Pour compléter cette seconde stratégie, le pouvoir utilise le parti « Guinée Pour Tous » de Kassory Fofana pour effrayer et déstabiliser l’UFR de Sidya Touré. A chacun, on offre la primature et même la possibilité de conduire la liste RPG-Arc-en-ciel. On attise en passant l’animosité entre les deux rivaux du gouvernement Conté de 1996. Et puis, on fait valoir à Sidya Touré la possibilité de récupérer des voix « peulhs » en cas d’absence de l’UFDG dans la course vers l’hémicycle. Les stratèges du RPG, fidèles à la logique de la « contradiction principale et la contradiction secondaire », chère à Karl Marx, entendent utiliser le GPT de Kassory pour détruire l’UFR de Sidya dès le retrait de l’UFDG.

Enfin, le RPG, doutant de sa popularité, aurait demandé à certains partisans du second tour de prendre de la distance avec lui pour essayer de « capter » les voix de leur communauté. C’est le cas de Jean-Marie Doré de l’UPG, de Jean-Marc Telliano, après la fusion-absorption de Papa Koly Kourouma. GPT et consorts, à vos calculettes ! La mesure vous concerne aussi.

Pourtant, d’autres objectifs sont poursuivis à travers ces négociations politiques actuelles. Le premier est de satisfaire une demande pressante de la communauté internationale, même si le Président clame sur tous les toits qu’il ne veut pas entendre parler de celle-ci. C’est pourtant dans ce cadre qu’il faut situer, en partie, l’arrivée d’Abdou Diouf qui doit, au nom de l’Internationale Socialiste dont il est membre avec Alpha Condé, permettre d’accréditer les concessions du pouvoir guinéen.

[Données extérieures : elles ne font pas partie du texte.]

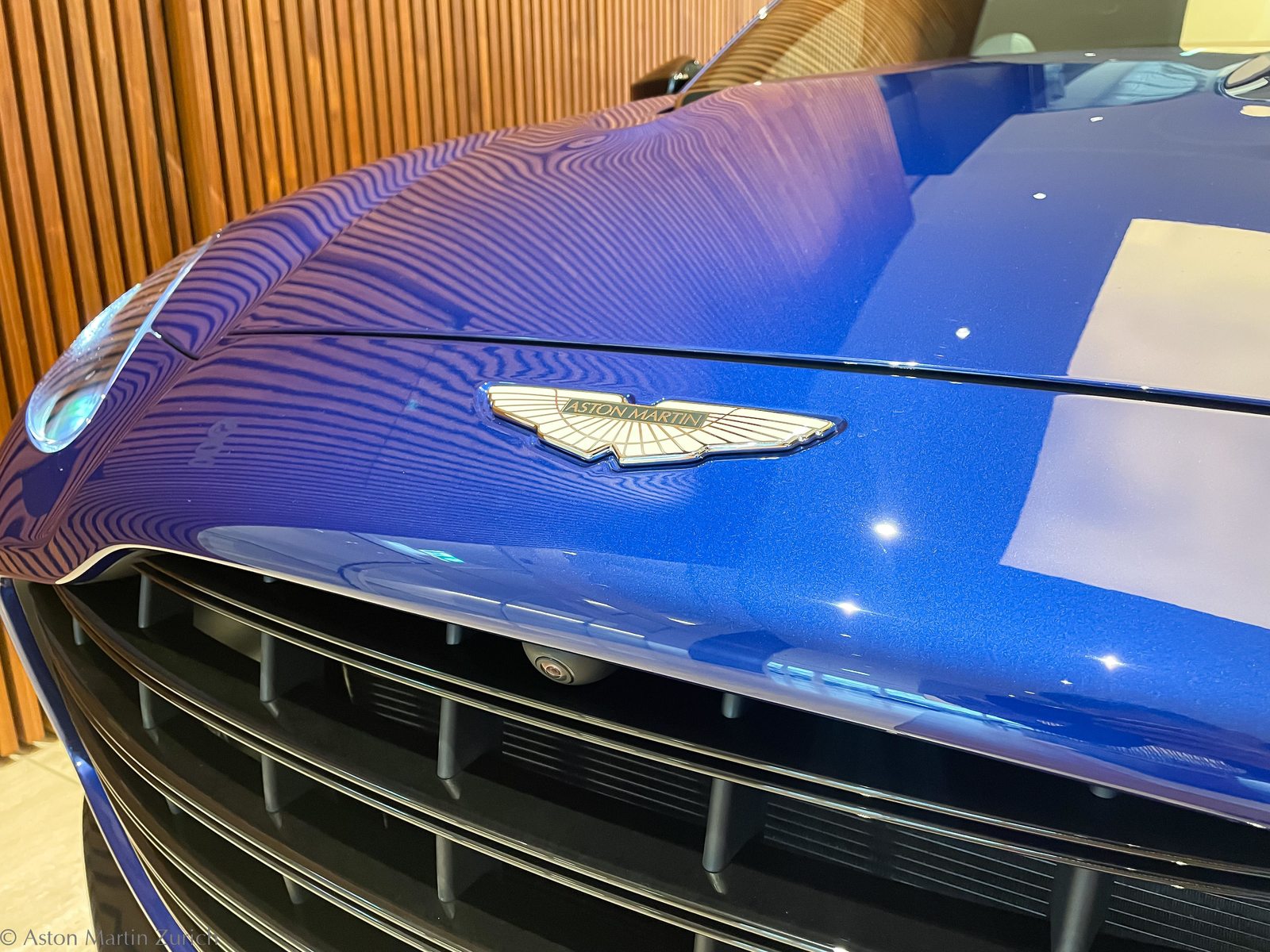 ASTON MARTIN DBX 707 4.0 V8 Bi-Turbo, Essence, Occasion / Utilisé, Automatique - 7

Abdou Diouf devrait profiter de son séjour guinéen pour proposer les services techniques de l’OIF pour aider à l’organisation des élections législatives. Si l’opposition accepte, le pouvoir ne courra aucun risque pour sacrifier la CENI actuelle. Il aura la certitude de s’attacher les services des professionnels de la fraude au sein de la CENI. La présidentielle de 2010 est encore fraîche dans les mémoires.

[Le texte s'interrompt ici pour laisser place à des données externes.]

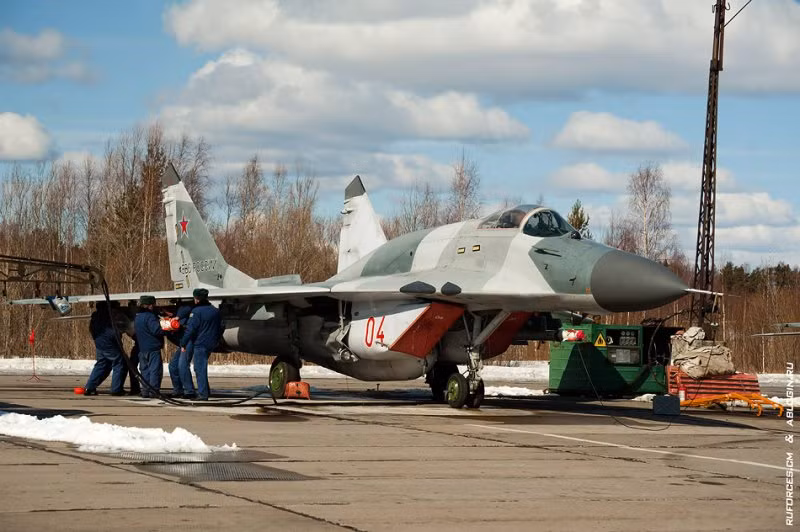 MiG-29SMT số hiệu 04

Avec l’arrivée de Diouf, il atteint un second objectif : empêcher l’arrivée des Nations-Unies, de la CEDEAO et des autres acteurs internationaux avec notamment le retour du groupe de contact international sur la Guinée. Le président Alpha Condé apprécie à sa juste valeur l’aide de Bernard Kouchner pour son accession au pouvoir et sait que le retour des Occidentaux dans les affaires politiques signifierait une réduction drastique de sa marge de manœuvre politique.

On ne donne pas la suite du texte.